▶ [Goal of the exercise] Output only the lines below from the one holding "Nissan Versa S 1.6L 4 2013" down to the one holding "25 Stunning Blue Bedroom Ideas", both end lines included and every picture dropped.
Excerpted records: Begin
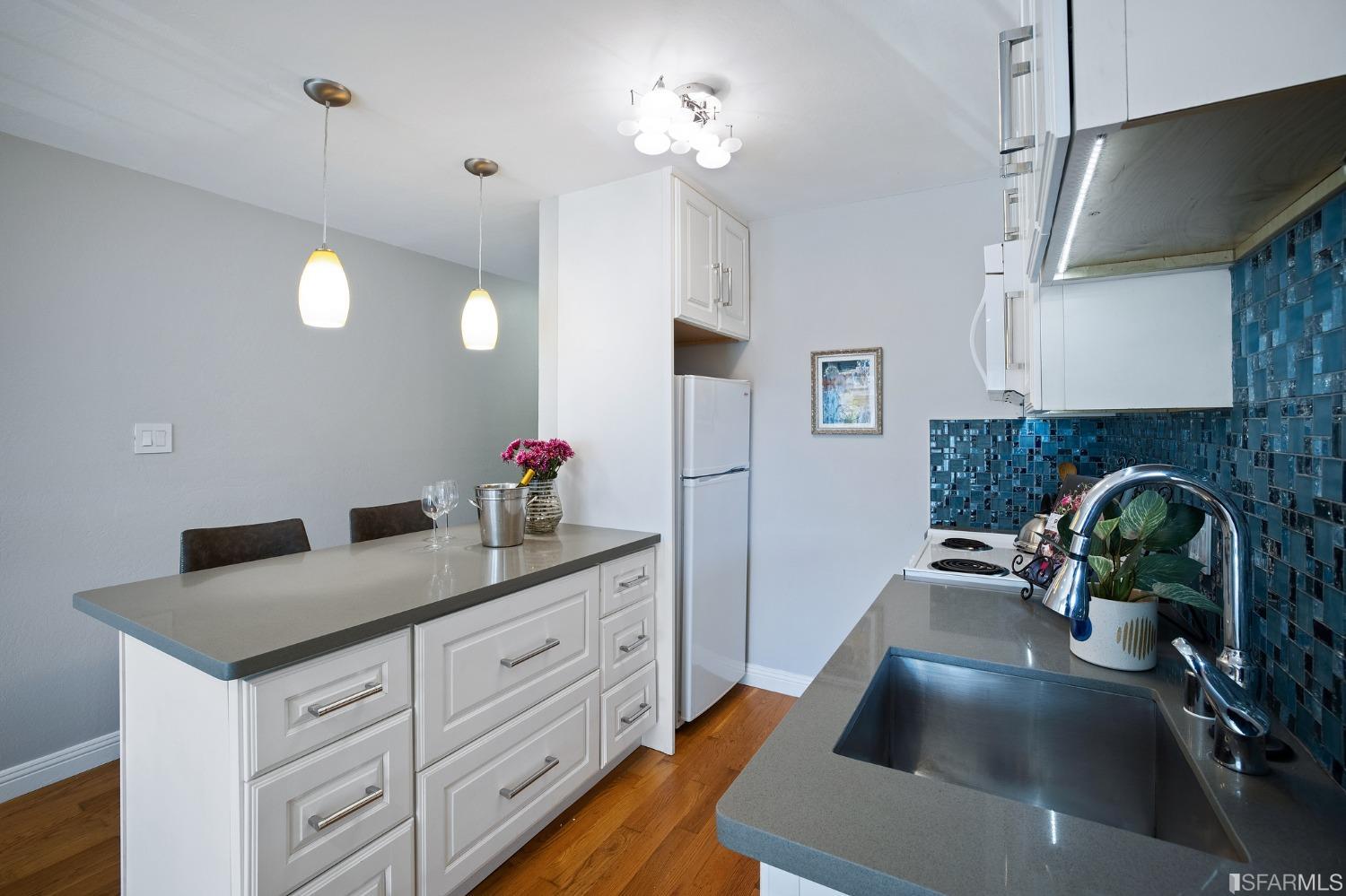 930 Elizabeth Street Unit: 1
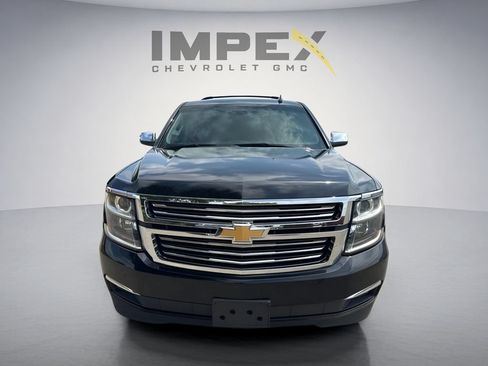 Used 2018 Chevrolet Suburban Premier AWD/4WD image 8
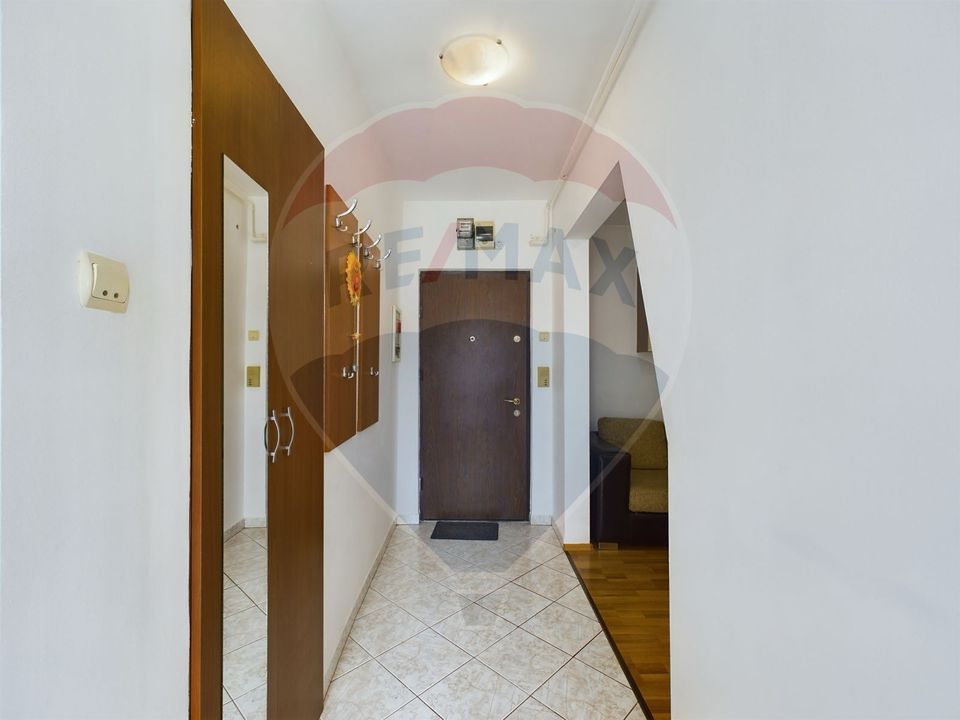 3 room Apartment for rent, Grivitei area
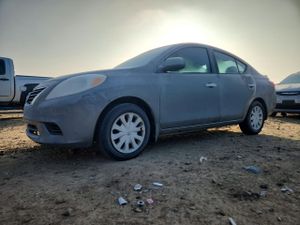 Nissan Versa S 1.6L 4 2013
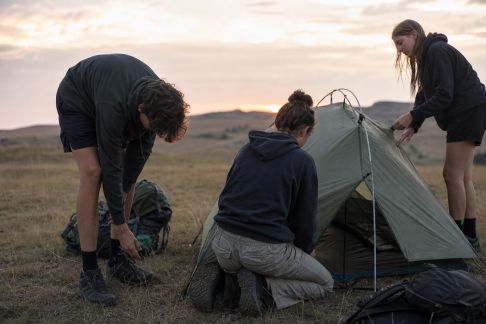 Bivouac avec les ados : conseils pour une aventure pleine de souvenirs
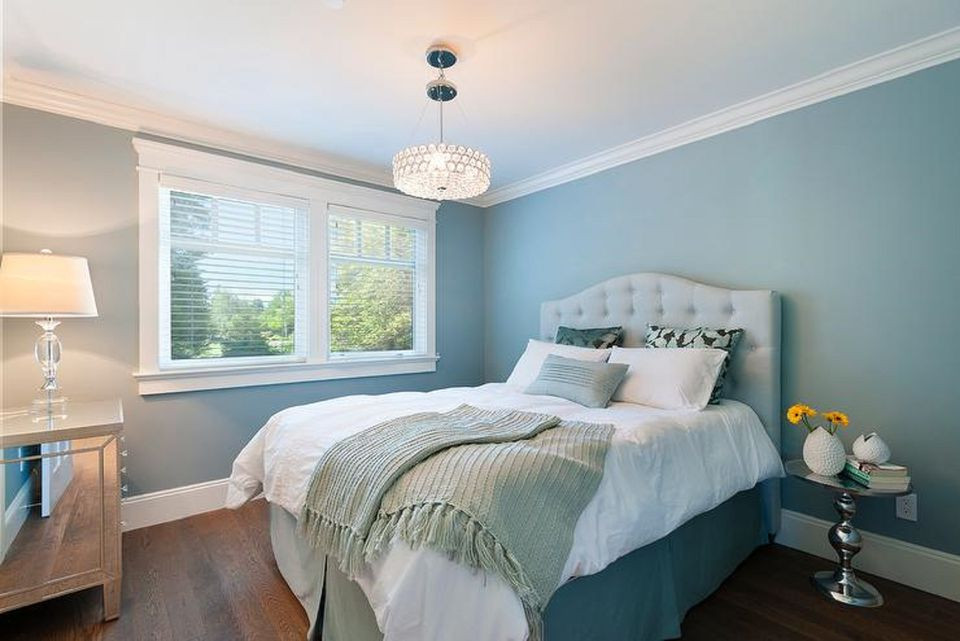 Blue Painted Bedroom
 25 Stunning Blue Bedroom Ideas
Excerpted records: End
Excerpted records: Begin
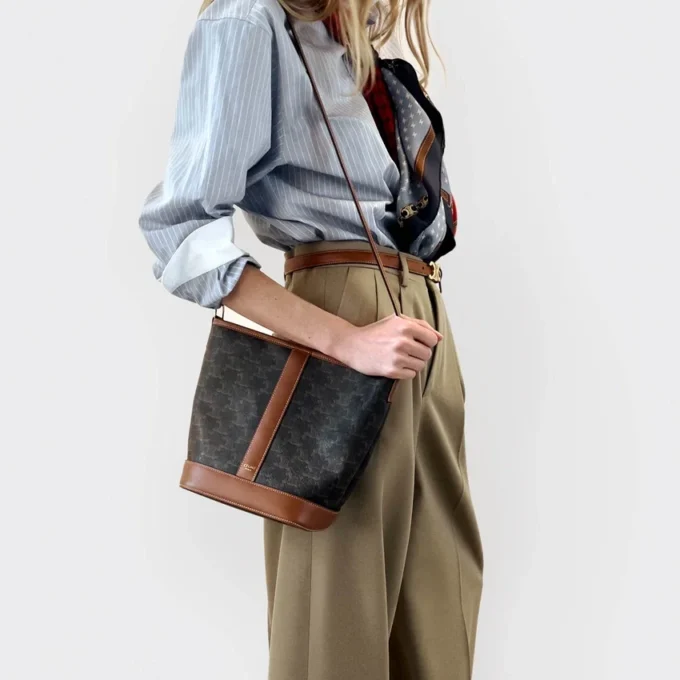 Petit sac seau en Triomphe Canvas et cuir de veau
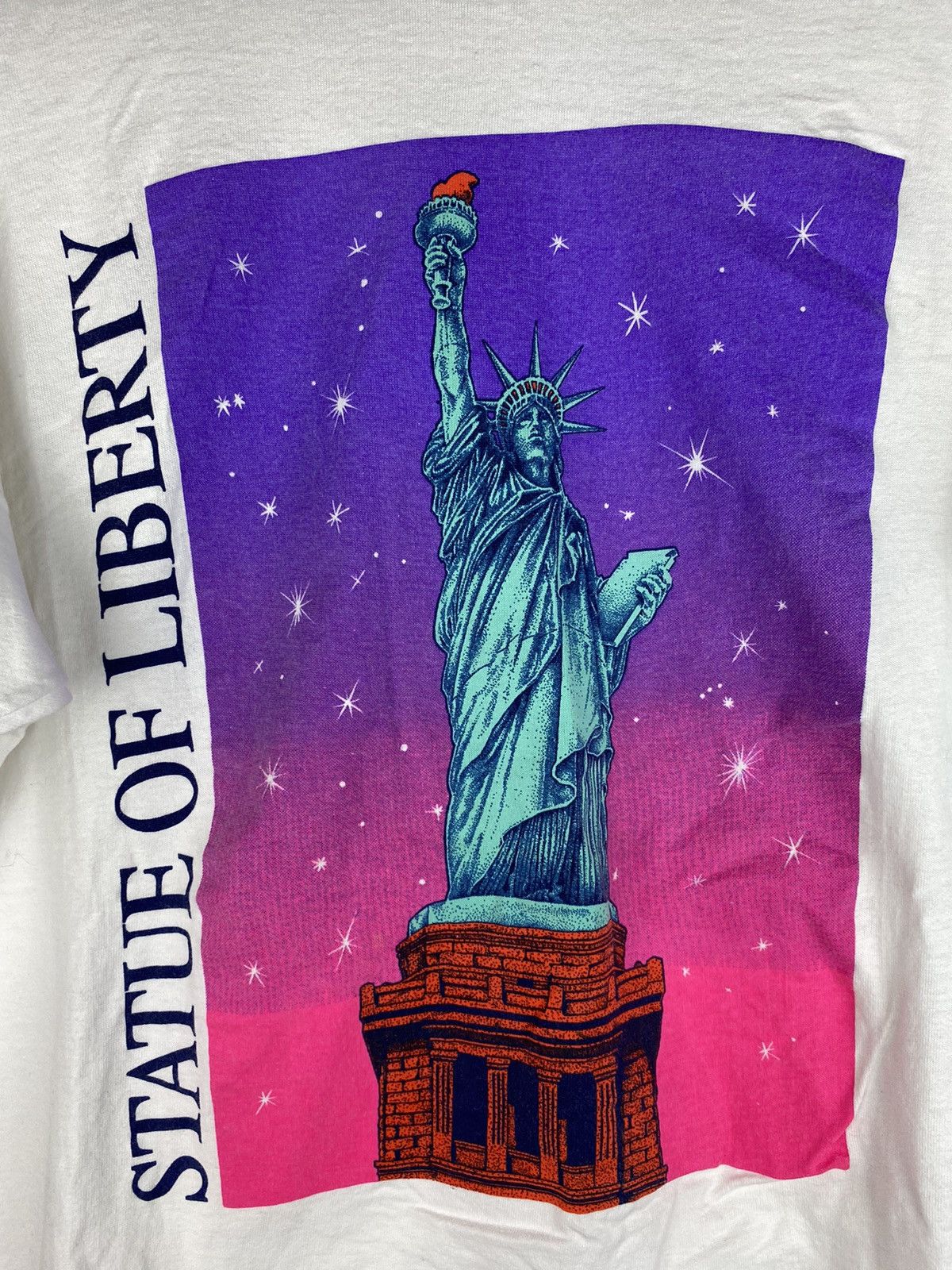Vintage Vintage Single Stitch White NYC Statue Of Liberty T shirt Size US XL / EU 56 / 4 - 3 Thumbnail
Excerpted records: End
▶ [Solved problem]
 Nissan Versa S 1.6L 4 2013
 Bivouac avec les ados : conseils pour une aventure pleine de souvenirs
 Blue Painted Bedroom
 25 Stunning Blue Bedroom Ideas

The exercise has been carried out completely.